I read a book a few years ago, by a professor of missions and evangelism, Lamin Sanneh, who pointed out that Christianity is the only one of the world’s major religions that DOESN’T have some special “sacred language” that we have to use in church. The Christian scriptures are scriptures in translation, and they have been from the very beginning, when they were translations into languages that lots of people used at the time, like “common Greek.” Christians have always thought that translations from one language to another are possible for the gospel, that the gospel can be proclaimed in any language. That idea starts right from the day of Pentecost. And that idea is actually unique in the world’s religions.
So one of the things we celebrate on the day of Pentecost, besides “the birthday of the church,” is the way the gospel – the good news of Jesus Christ, of who Jesus is, of what Jesus Christ means for humanity and for the individual members of humanity – repairs the divisions between people that come from our inability to communicate with each other. The gospel brings people together as people, who share humanity with one another, and with Jesus, and who are also in communion with God through Christ. [That is a lot to celebrate!!]
Because the day of Pentecost is, we are meant to recognize this, the undoing or repairing or overcoming of the consequences of what happened at Babel.
So, since the church thinks the story of Pentecost is that kind of anti-Babel, is the undoing or the beginning of the undoing of the confusion and the communication problem that began there, it makes some sense to take a closer look at the story of the Tower of Babel. That will give us some more insight into what exactly Pentecost is undoing …

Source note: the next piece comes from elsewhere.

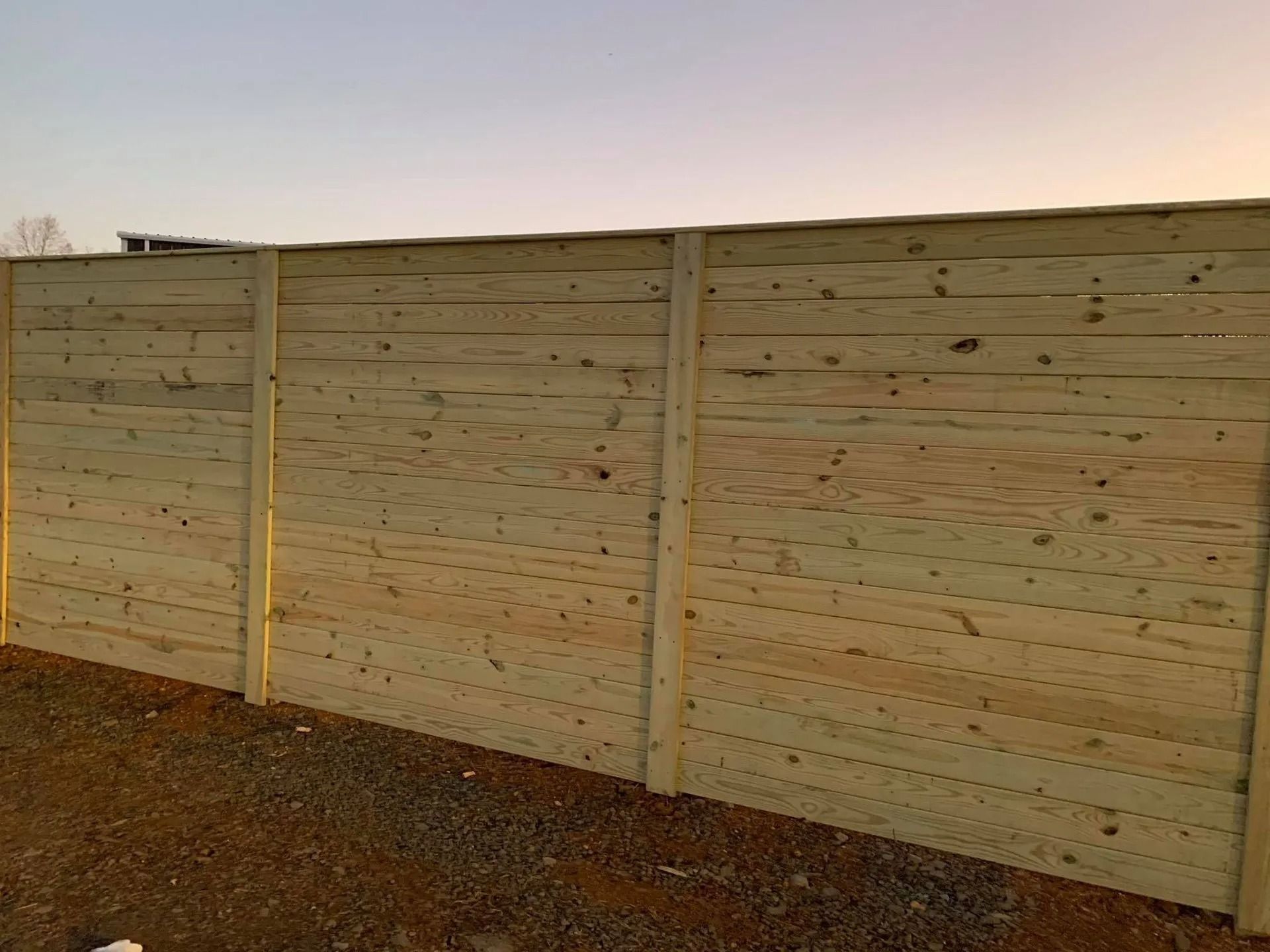 Wooden privacy fence with horizontal planks, posts set on gravel ground, under a dusky sky.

But before we do that, here’s a warning: this story of the Tower of Babel is VERY familiar to most of us, and probably we have been told MANY TIMES what it means, what “it’s about.” That can make it very difficult to actually hear what the Bible says in this story, to listen to the text, instead of what’s already in our heads about the text.
And in particular, I know from some past experience, of having been a TA for Hebrew exegesis at the seminary once, and from having read this story with people in Sunday school, what we have probably learned is that this text is about “pride.” The people at Babel were too proud; they wanted to build a tower that reached to the heavens; they wanted to be God, etc. etc.; so God punished them for that. I could ask for a show of hands of how many of us have learned that about this story … I’ll be astonished if anyone doesn’t raise their hand.
So I’m going to ask everyone to at least consider that there could be … something more than that in this story … there could be something else going on, too.
With that in mind, let’s look at this story.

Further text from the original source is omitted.